Ahora, la búsqueda de lo exótico o de lo desconocido tiene que ser interior, debe ser razonada en las entrañas, mezclada, eso sí, con los pequeños retazos de cierta antigüedad que vayan apareciendo en el camino.
El fósil aquel, visto; el tatuaje aquel, grabado a fuego en el cuerpo de aquel, en apariencia, aborigen; el movimiento hace mucho observado, o el monolito desconocido son imprescindibles para hacer sentir al viajero, viajero, y constituyen su galería de objetos e imágenes que podrían ser la ‘negra-habitación’ de las vanas aspiraciones por enfrentarse a pueblos antiguos o civilizaciones ancestrales.

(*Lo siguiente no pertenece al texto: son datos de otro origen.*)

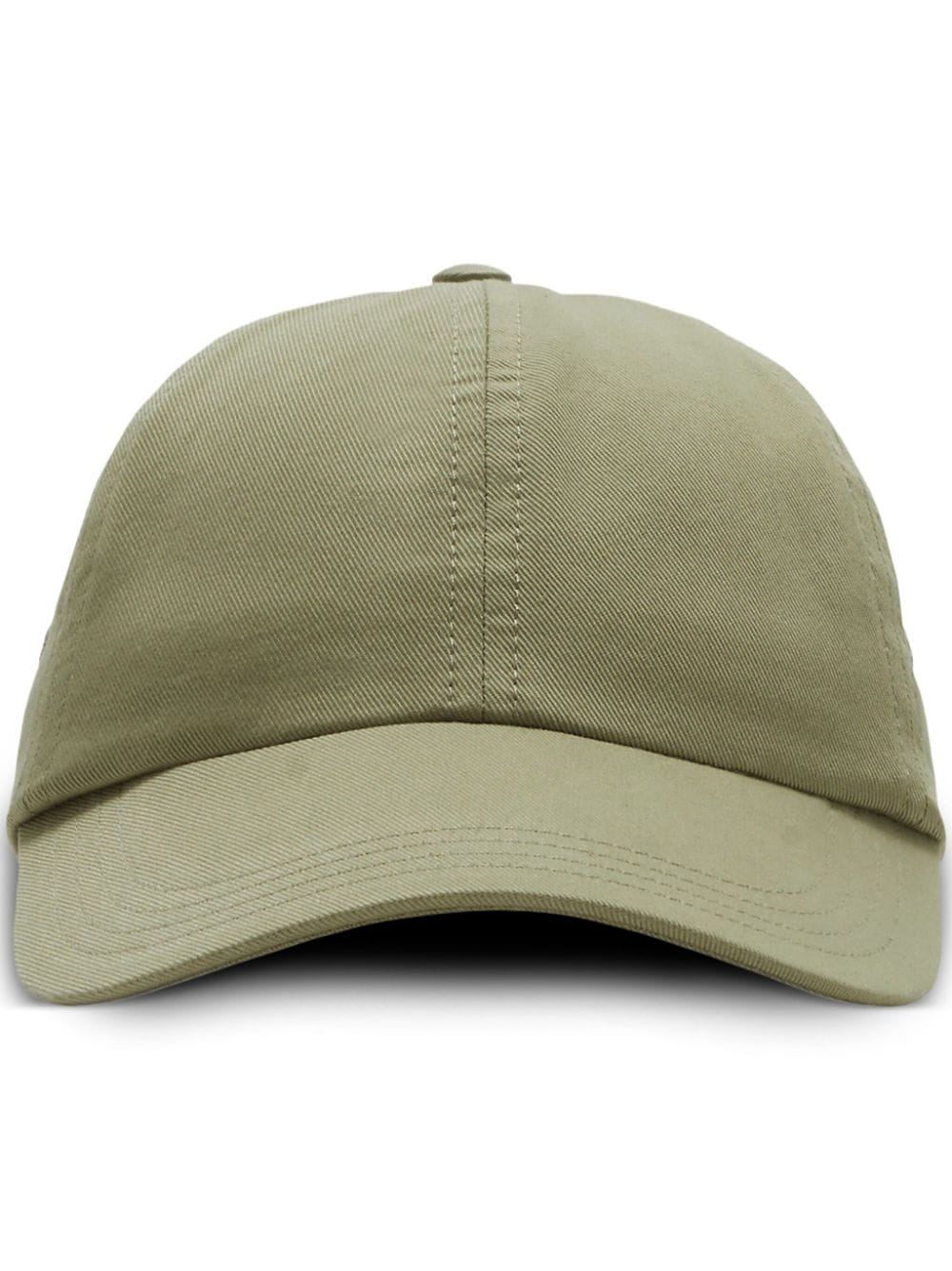 EKD logo-embroidered cotton baseball cap<BR/><BR/><BR/>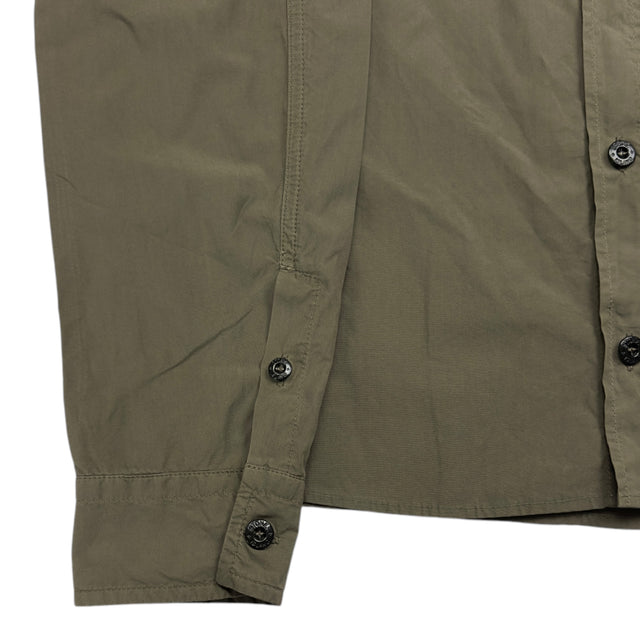 A/W 16 Stone Island Button Up Overshirt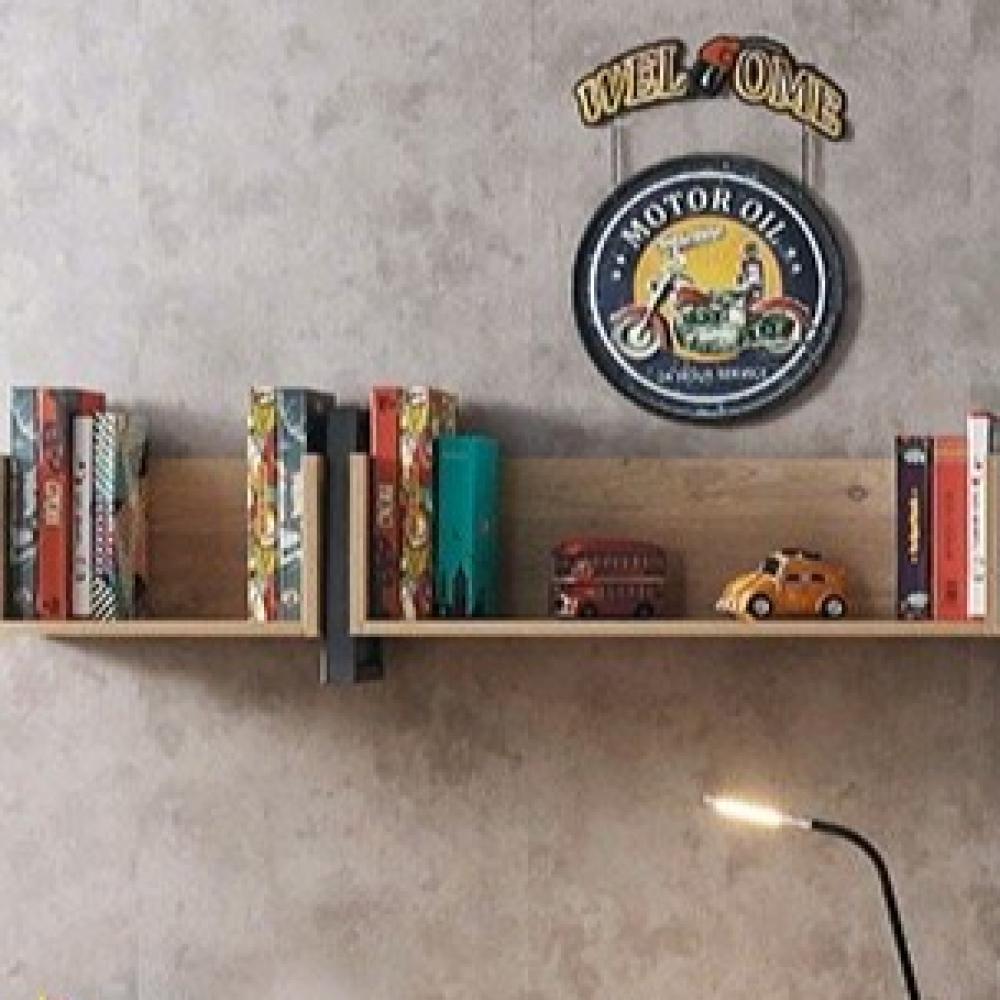 رف مكتب دراسي ايروني شبابي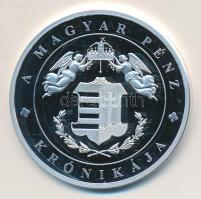 DN "A magyar pénz krónikája-A kereszténység születése" Ag(999) emlékérem, (20g/38,61mm) T:PP Tanúsítvánnyal. Csak 2004db!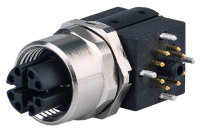 STX M12x1 EBB X-kod. Cat.6A 90°...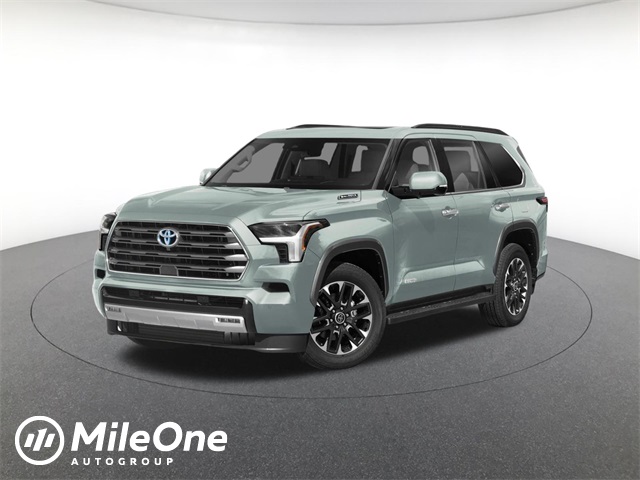 new 2026 Toyota Sequoia car, priced at $81,318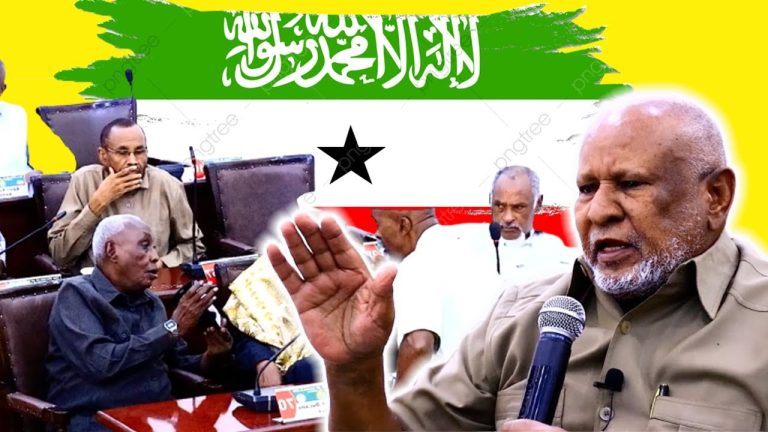 “Waar Ha Ina Gumaynina Idinkuba Meel Walba Qaxoonti baad Ku joogtaan” ~ Gud. Golaha Guurtida Somaliland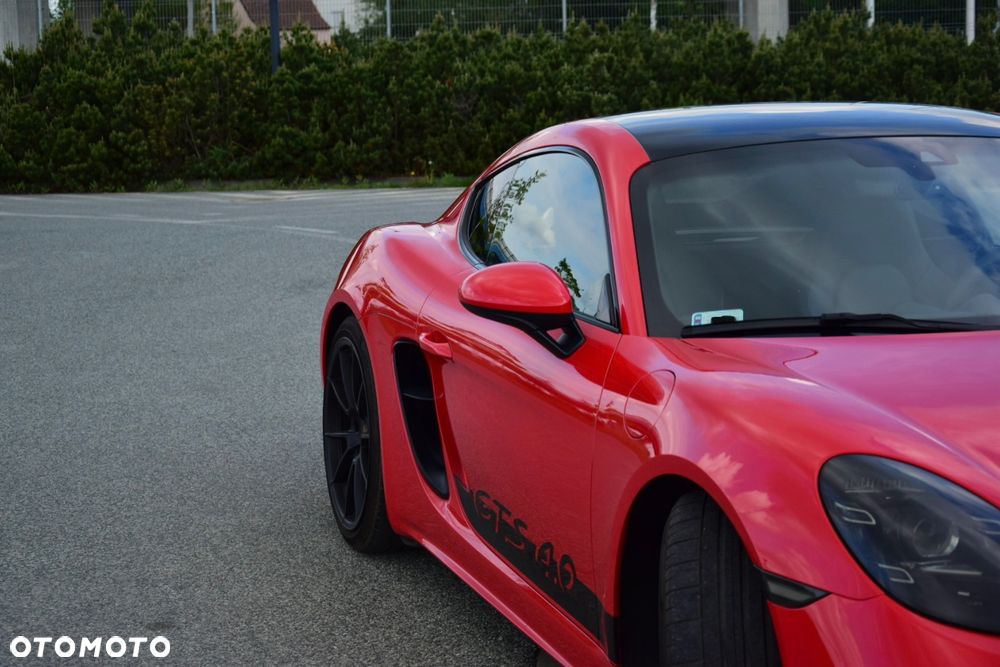 Porsche 718 Cayman GTS 4.0 PDK - 3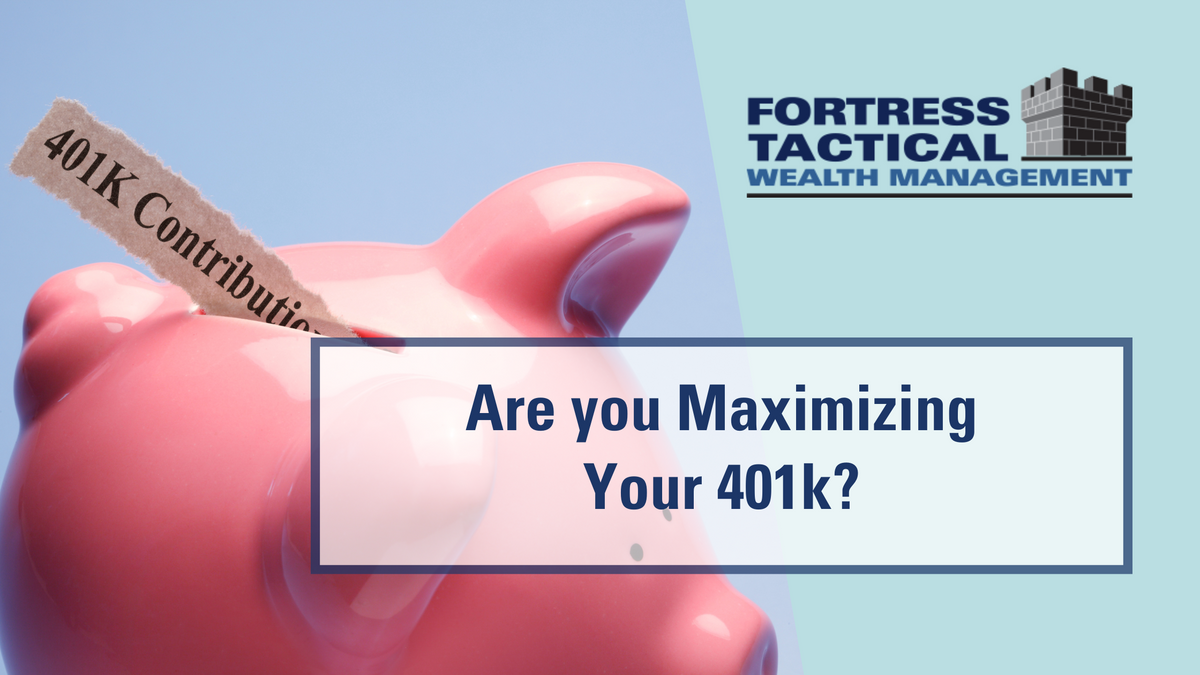 Are You Maximizing 401(k) Contributions?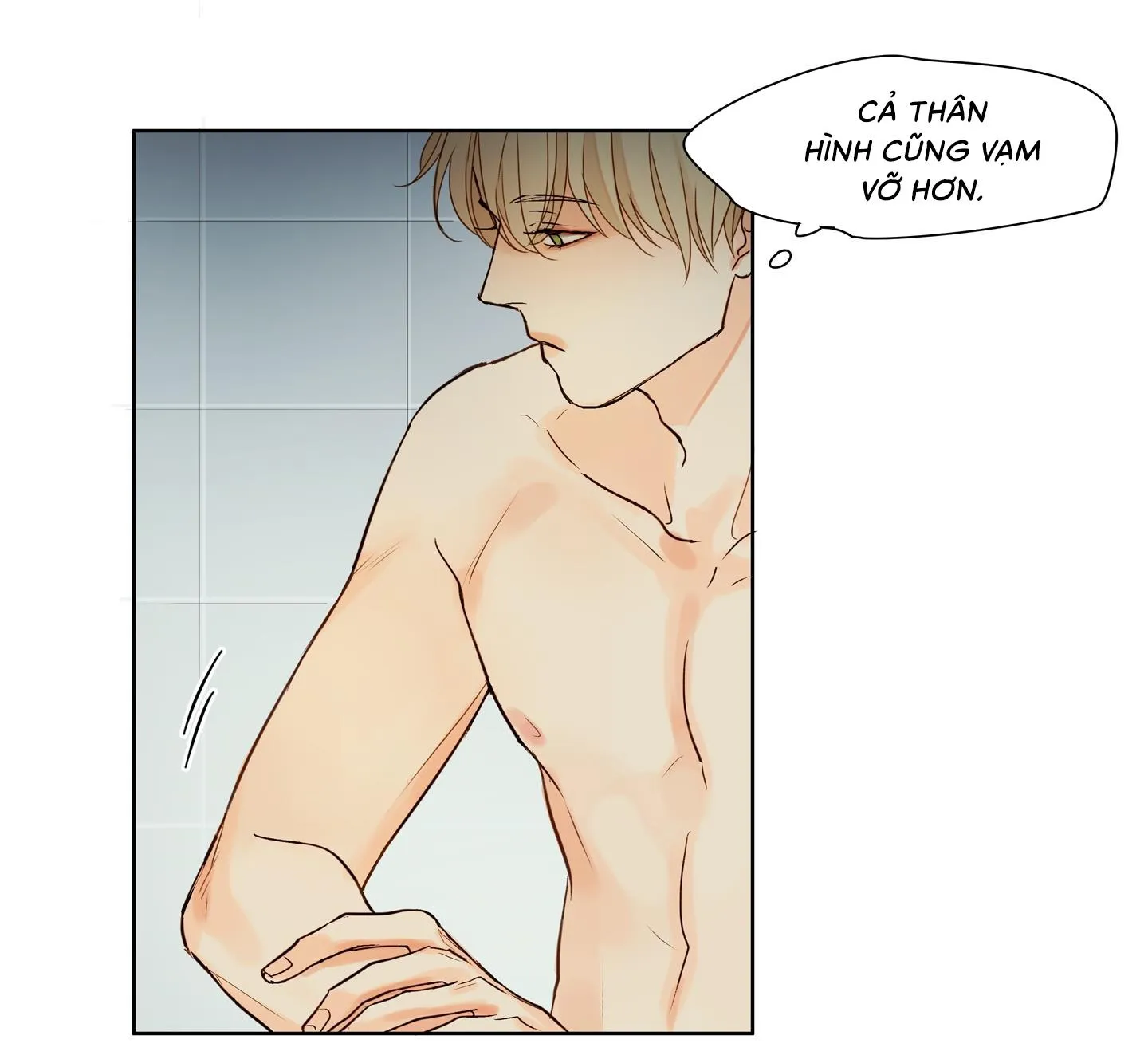 Ý nghĩa của một ánh nhìn Chapter 3 Trang 71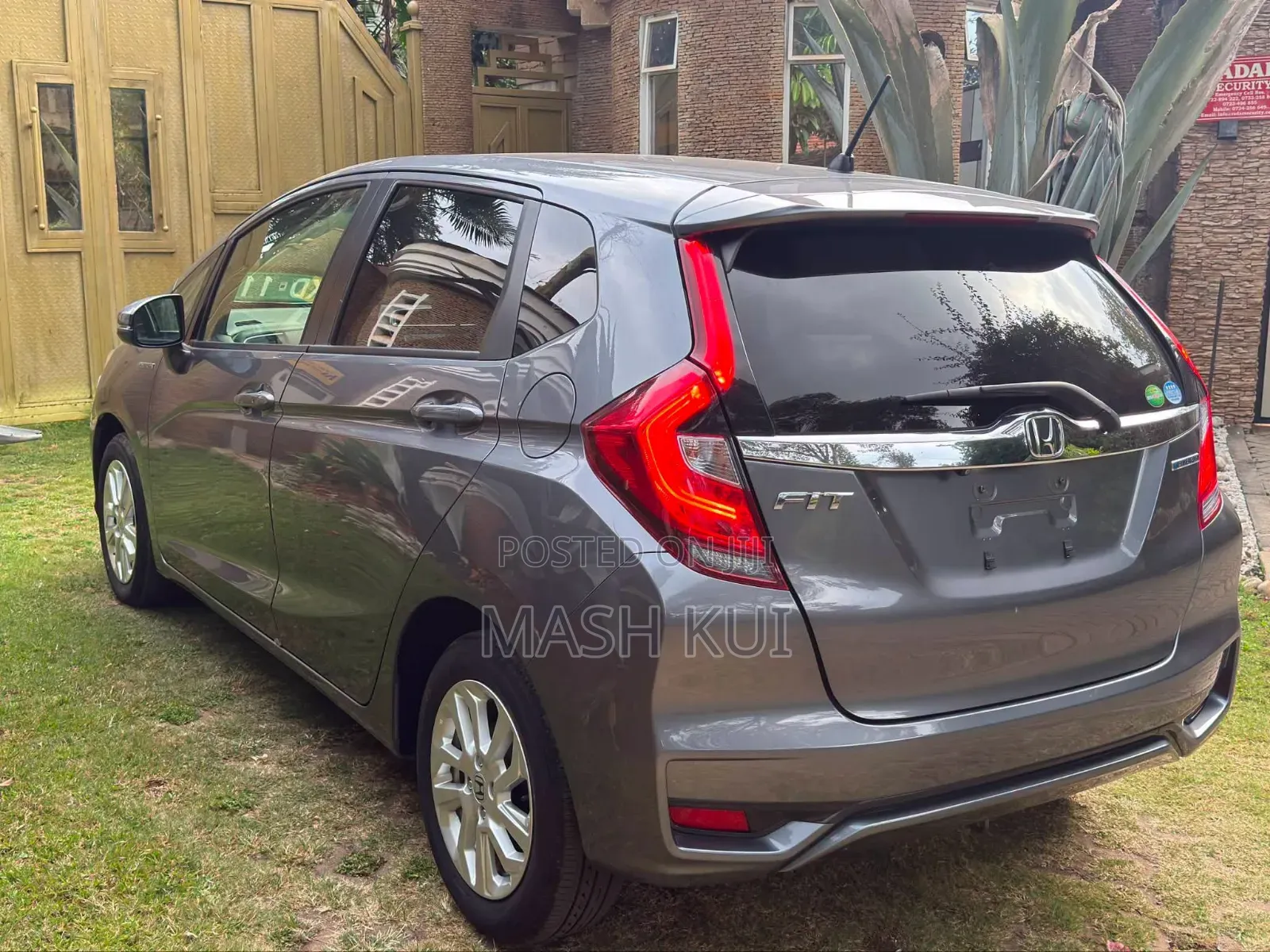 Honda Fit 2019 Gray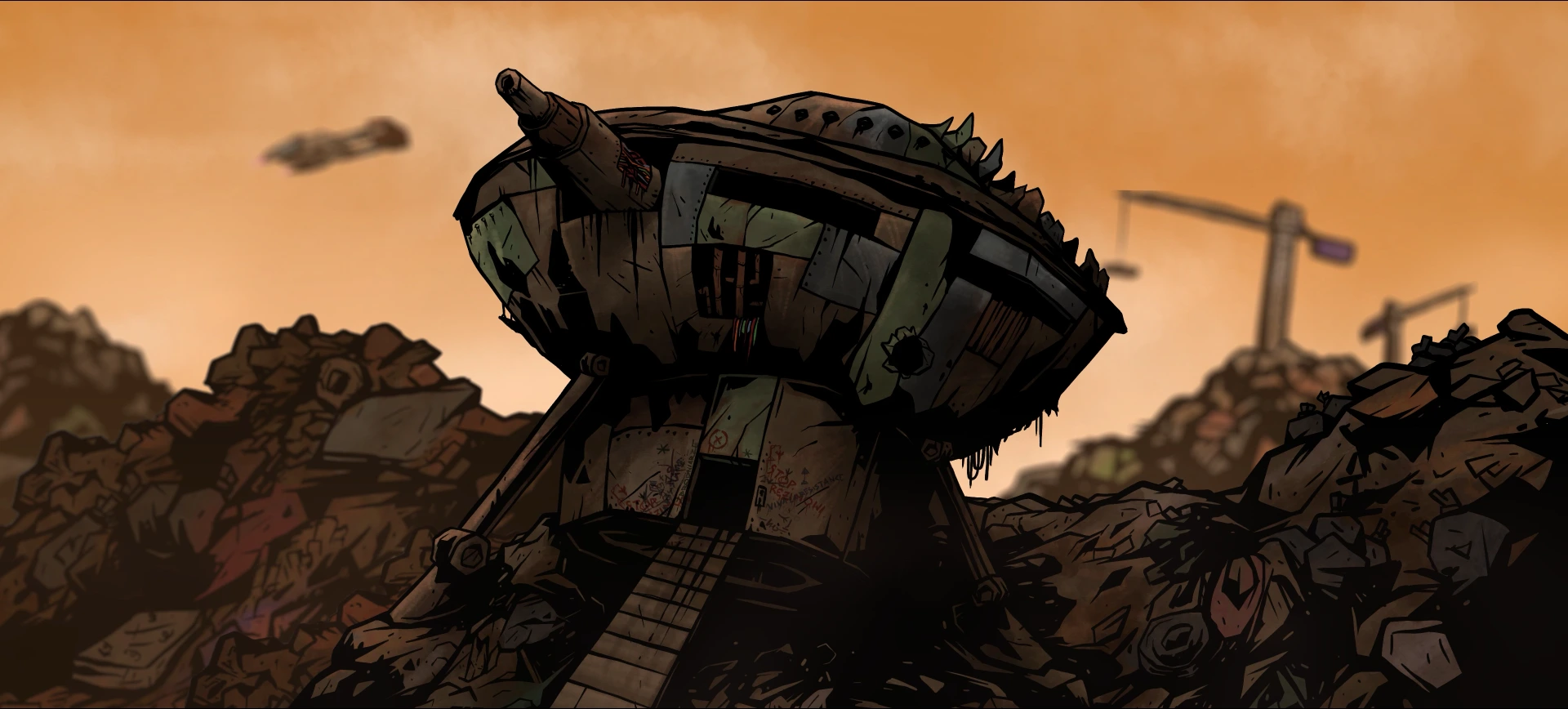 Wrak statku transportowego Kuratorium na Qur'Akis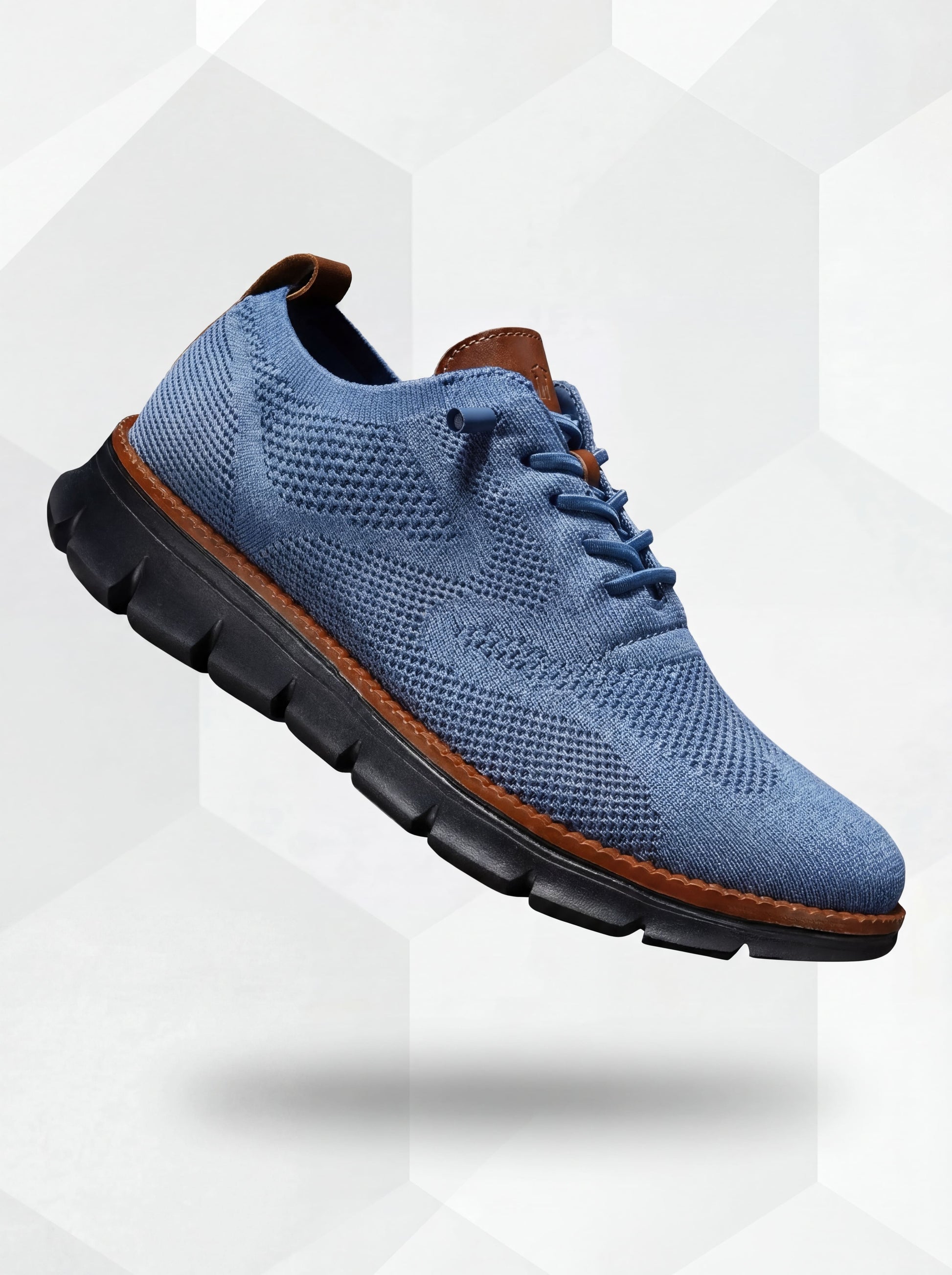Ultracomfort | Prodyšné boty: Modro-černá – Vevaly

El viajero de hoy debe conformarse con pisar terrenos únicamente que él no había pisado, con vivir situaciones imprevistas y congratularse de descubrir y tocar lo que otros ya le han enseñado mediante imágenes (léase, los documentales), palabras o, quizás, cuentos inventados.
No importa.
A este leonés, le gustan las casuchas de chatarra desvencijadas que nadie mira, los tranvías rojos y oxidados, los bares de madera con balaustrada de latón y las calles silenciosas azotadas por un viento sobrecogedor. Y así, no son necesarios ni los brotes de historia, ni las catedrales del siglo XVI, ni las civilizaciones babilónicas, y mucho menos la búsqueda permanente de lo terrenal exótico.